Imaginons la diffusion massive, dans le cadre d’une guerre d’un nouveau type, de sons et d’images perturbants, éventuellement connus pour leur impact psychologique sur une population donnée.

Désormais, tout acteur susceptible de proposer une application à succès et de la controler aura également le pouvoir de participer à rien moins que la redéfinition de l’espace public, en tant que tel, de fusionner en quelque manière la carte – virtuelle – et le territoire – historiquement conçu par les élites locales et la puissance étatique, marquant par exemple Paris de ses grandes avenues, de ses places symboliques, de son arc de triomphe ou de la tour Eiffel, signe de la capacité technique de la France progressiste de la fin du XIXe siècle.
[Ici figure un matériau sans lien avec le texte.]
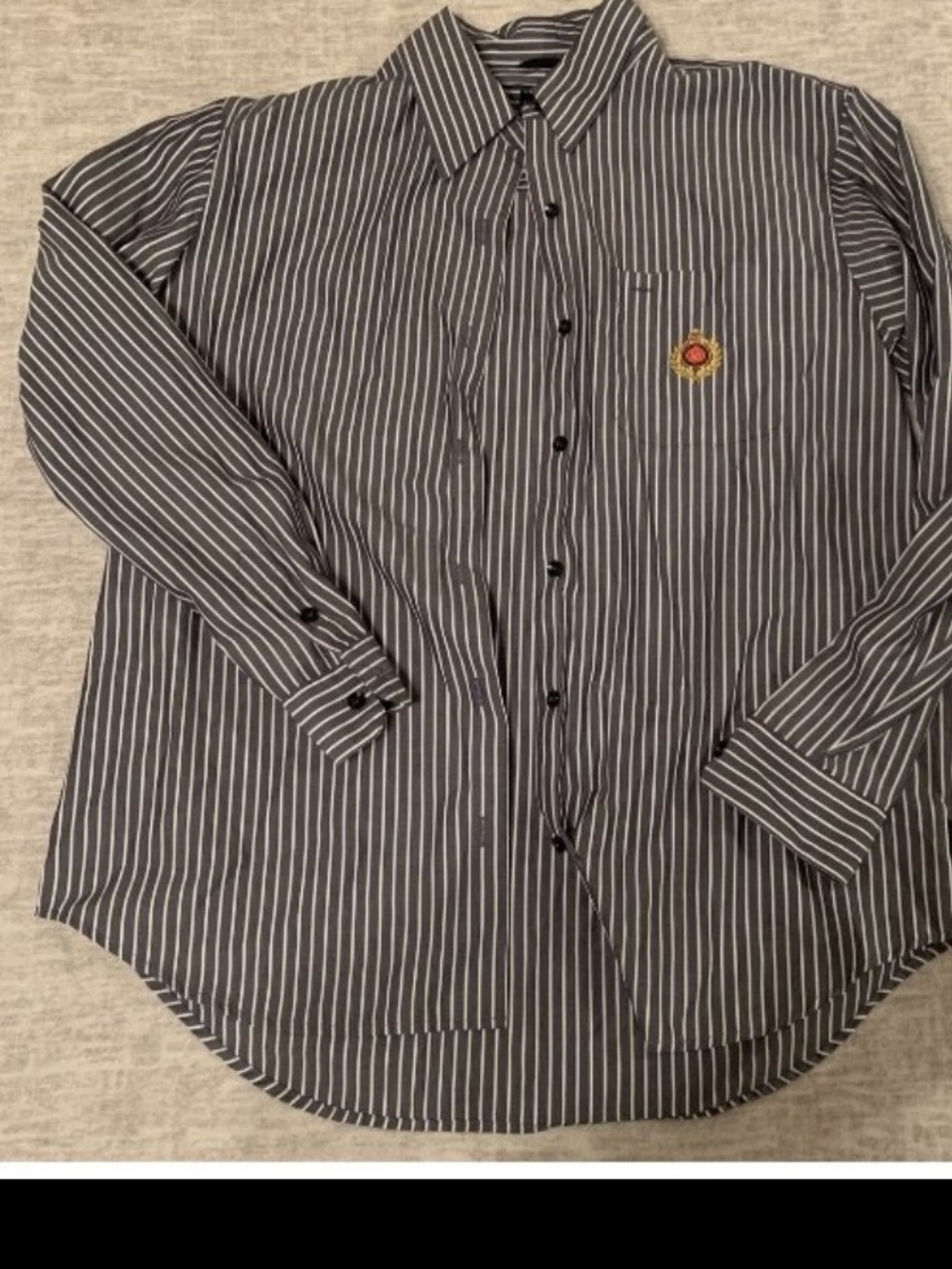 Liz Claiborne Black and White Striped Dress Shirt with Embroidered Crest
Autrement dit, de marques des plus physiques et tangibles. De nouvelles élites scientifiques, économiques et finalement politiques auront quant à elles la capacité, en redessinant au gré des applications la carte de la nouvelle réalité augmentée, d’imprimer leur marque certes temporaire, mais d’autant plus fascinante et puissante, sur les territoires que les foules adulescentes sont déjà en train de parcourir en quête de Pokémons rares. C’est-à-dire en quête de simples pixels. De simples pixels ? La chose n’est pas si simple et l’on aurait bien tort de prendre ces joueurs pour des idiots si l’application, qui possède à l’évidence le pouvoir de les inciter à se déplacer et à se regrouper sans grand souci de l’environnement conventionnel, n’est rien moins que l’outil d’une sorte de piratage cognitif, affectif, culturel, donc politique. Concrètement, imaginons le rassemblement de milliers de personnes, au prétexte du lancement d’une nouvelle version de l’application ludique, en vue de les soumettre à des techniques de « marketing » politique, voire de les violenter, ou de les pousser à des situations de violence. Imaginons la diffusion massive, dans le cadre d’une guerre d’un nouveau type, de sons et d’images perturbants, éventuellement connus pour leur impact psychologique sur une population donnée.

Les possibilités sont considérables. En d’autres termes, ni l’organisation du territoire conventionnel, la ville façonnée par les élites historiques, ni la télévision, ni la presse, ni des sites aussi simplistes que « stop-djihadisme.gouv.fr » ne pourront plus suffire à l’acquisition et à l’exercice de la souveraineté. Formulons donc l’hypothèse suivante: il ne s’agit plus d’accéder au pouvoir pour changer les choses, transformer la réalité sociale, mais de modifier virtuellement la réalité elle-même afin d’accéder au pouvoir.

Alors, Pokémon Go, un simple jeu ? Une petite pièce, à n’en pas douter, dans le Grand jeu de la nouvelle politique.